Driscoll says that the video walls are a special system made for the show; basically a semi-transparent LED screen that he tailored to the specifications of the set. (XL Video supplied more than 1,100 square feet of Pixled F-24 to support the production.) The six projectors used for the show have varying levels of brightness; they include three Panasonic 12K projectors, another Panasonic 8K unit and two Sanyo 7K projectors. The projection and playback supplier is Sound Associates.

Driscoll refined and edited a lot of the video content throughout the three incarnations of the show. There is a total of close to two-and-a-half hours of video being used, and probably another three to four hours on the cutting room floor.
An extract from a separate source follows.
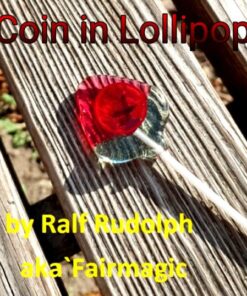 Ralf Rudolph aka’Fairmagic – Coin in Lollipop (Video + PDF) ( Instant Download )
Not surprisingly, the Ghost set abounds with digital imagery. “All of those walls have video applied to them,” Driscoll says, and “If a wall moves, the video moves with it. That’s a bit of a nightmare, because there’s loads of cable management and a very tolerant video system that doesn’t mind being moved, or the connection stays all the way through the movement. When we first started building the British version, we spent a lot of time perfecting that, because the screens have big surfaces and have doors and sections that pop out. They’re all very articulated, so you’ve got to be very confident about how [they will function]. First of all, you have to figure out how to cable up something like that, because if a wall has a section that flips 180° or 360°, how do you get the video information to not be impacted by that or disrupted by that? There’s a lot of engineering that went into that. If you were to look at it when the lights are on, you’d see that how it all works is very complicated.”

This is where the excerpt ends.